Online now Myer’s biggest store
An expanding range of products available online and a revamped website with faster search, better filtering and improved mobile capabilities helped Myer to lift its online sales by 25.6 per cent in the year ended June 30, 2019.
The retailer’s online sales, which include Marcs and David Lawrence, Sass & Bide and Myer Market, but exclude sales made via in-store iPads, totalled $262.3 million in FY19, and now represent 9.8 per cent of total sales.
Improving the online experience is a key component of the customer-first turnaround plan that Myer CEO and managing director John King introduced last September, and the retailer reported on the progress it has made so far.
Most of the focus has been on expanding the range of products available online, and improving the user experience on the website.
“We’re continuing to close the gap between in-store and online,” King told analysts and investors in an earnings call.
“We’re [working on] matching the [in-store] range by the end of the year, and then expanding the offer with products that are online-only,” he said.
At the same time, the department store is starting to see results from a new e-commerce site launched in September 2018, which offers an improved mobile experience, as well as faster search and better filtering.
“The NPS [net promoter score] of cusotmers who browse the site has increased nearly three times’ over,” King said in reference to the new site.
More work on the digital side is slated for FY20, with an announcement around the retailer’s loyalty program, Myer One, expected at the end of first half.
Myer reported a 3.5 per cent drop in total sales in FY19 to $2.99 billion, and a 2.9 per cent drop in comparable store sales year on year.
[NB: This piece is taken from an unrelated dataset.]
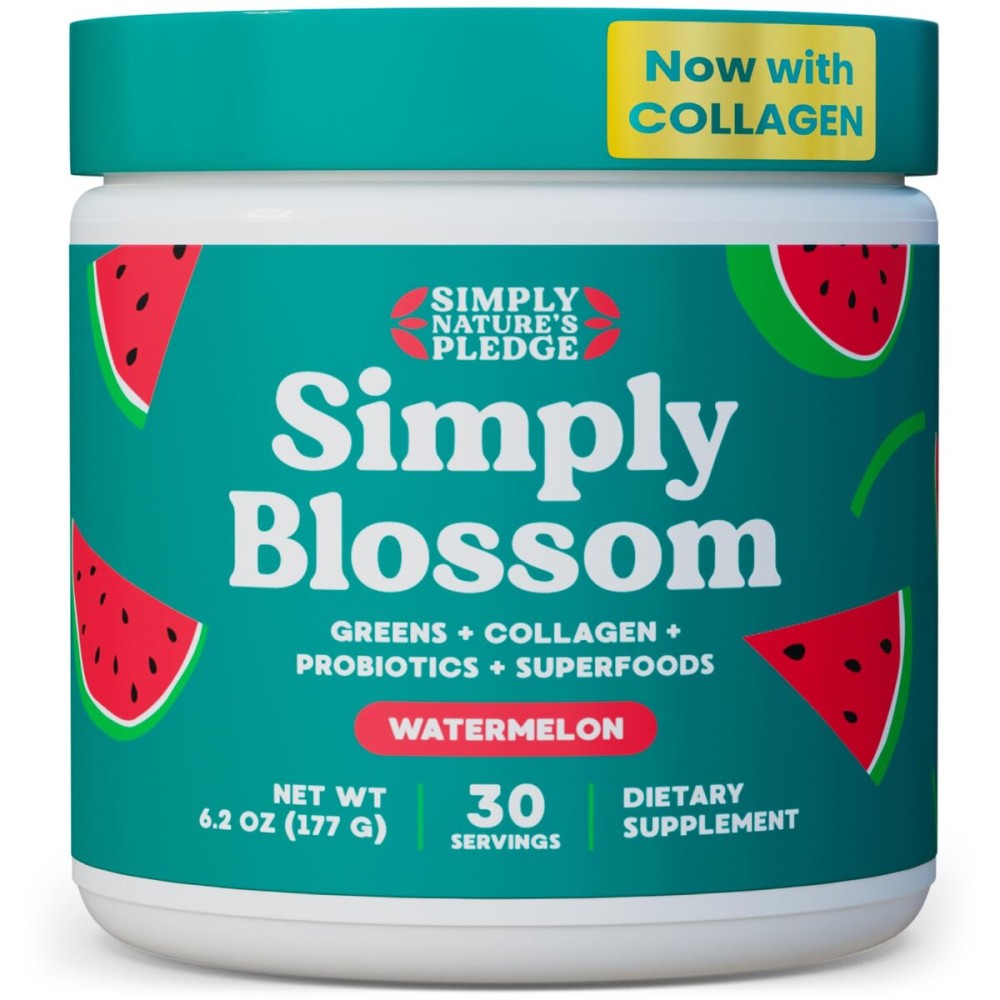 Simply Blossom Nutrition Daily Greens & Superfood Powder + Collagen + Probiotics for Women\'s Digestive Health & Bloating Relief. Help Your Health Bloom - 30 Day Supply - Watermelon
Excluding sales in Apple products, which Myer exited in May, comparable store sales were down 1.3 per cent.
Both total sales and comparable store sales fell at roughly the same rate as they did in FY18.
Myer saw an improvement in operating gross profit margin of 65 basis points to 38.85 per cent, thanks to its increased focus on profitable sales, including a shift in the sales mix away from concessions and towards Myer exclusive brands. Operating gross profit was $1.2 billion, down 1.9 per cent year on year.
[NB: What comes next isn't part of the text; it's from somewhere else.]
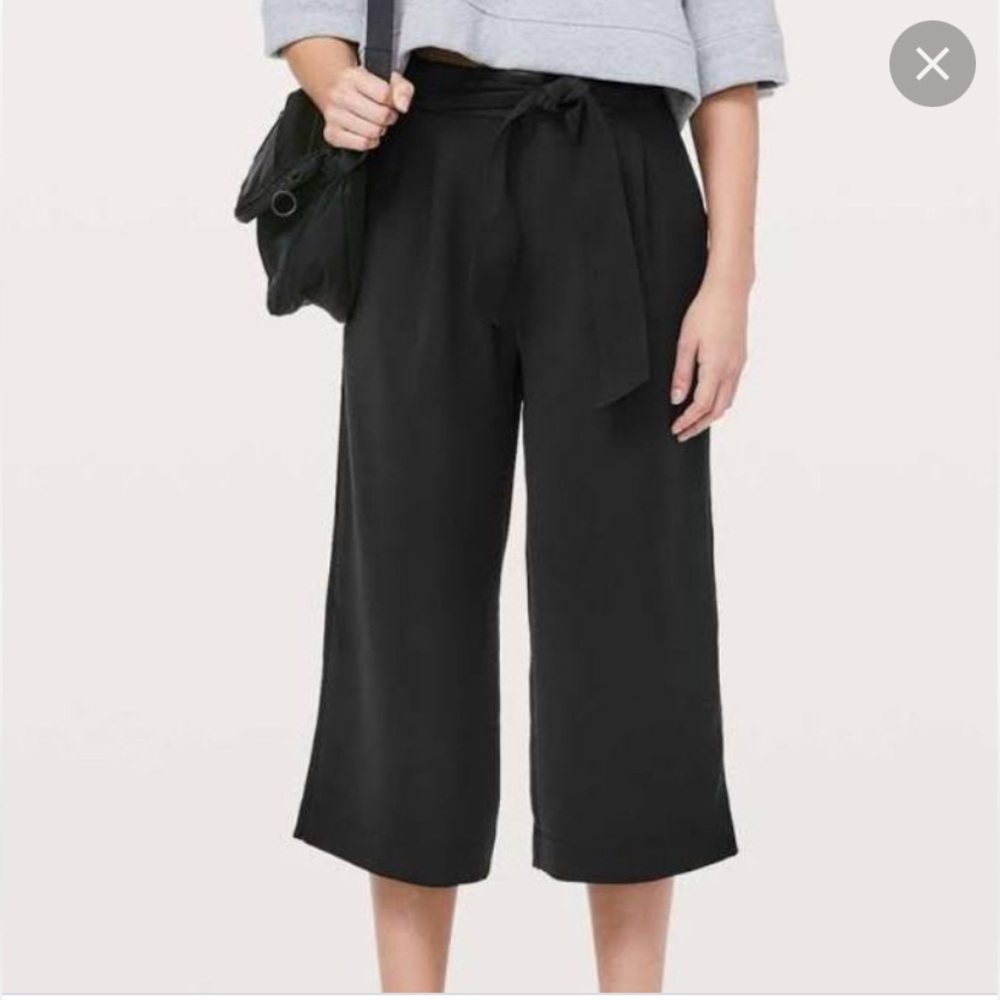 Lululemon Black Noir Crop Wide Leg Tie Waist Pants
Myer posted a 7.2 per cent improvement in earnings before interest, tax, depreciation and amortisation to $160.1 million, excluding implementation costs and individually significant items related to redundancies and lease provisions. Its net profit after tax was up 2.2 per cent year on year to $33.2 million.
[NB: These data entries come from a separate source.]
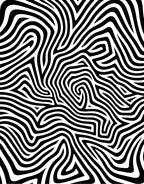 Bold Black White Wavy Pattern Rug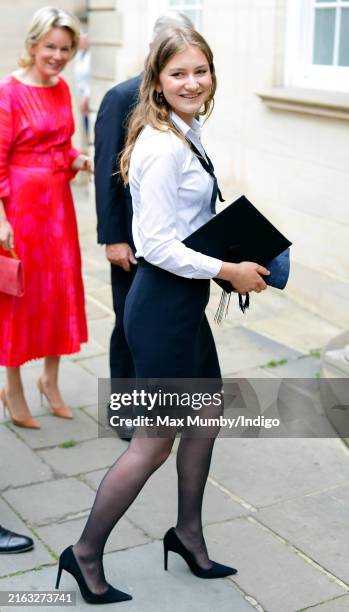 Crown Princess Elisabeth, Duchess of Brabant arrives to attend her Oxford University Graduation Ceremony at the Sheldonian Theatre in Oxford on July...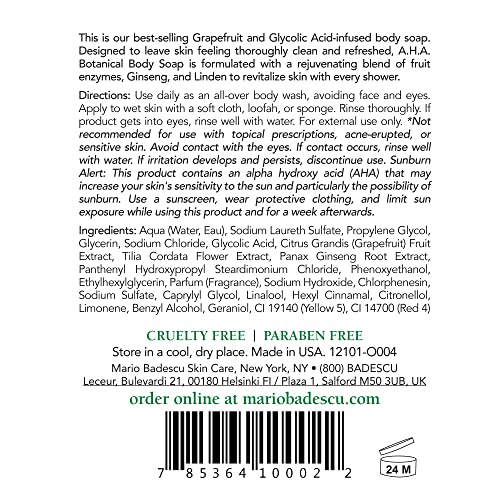 AHA Botanical Body Wash Moisturizing, Clarifying and Gentle Exfoliating Body Wash for Brighter, Softer and Smoother Skin | Soap Infused with Glycolic Acid & Fruit Enz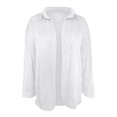 thumbnail image 5 of Womens Summer Outfits, Women Blouses, Trendy Women Shirts Casual Loose Fit Button Up Top Comfortable Wavy Texture Stylish Fashion for Everyday Wear, 5 of 8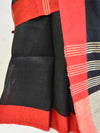 Banarasee Handloom Pure Linen Saree With Red Border-Black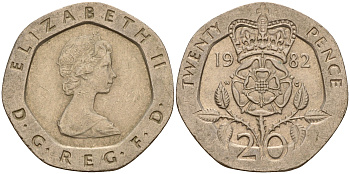 Великобритания 20 пенсов 1982 Елизавета II (1952-2022) KM 931, Spink 4230 (G1) медно-никель    4187-536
King made it clear the department store is sticking to the customer-first plan he laid out last September.
“We will continue to focus on the customer, we’ll continue to deliver against this plan in the best interest of our customers and shareholders,” King said.
“The plan we started is a plan we’re delivering against today, and will be the plan we’ll be delivering against in the coming months.”
King also announced the appointment of Tony Carr as the company’s new executive general manager of supply chain. Carr was previously head of logistics at ASOS.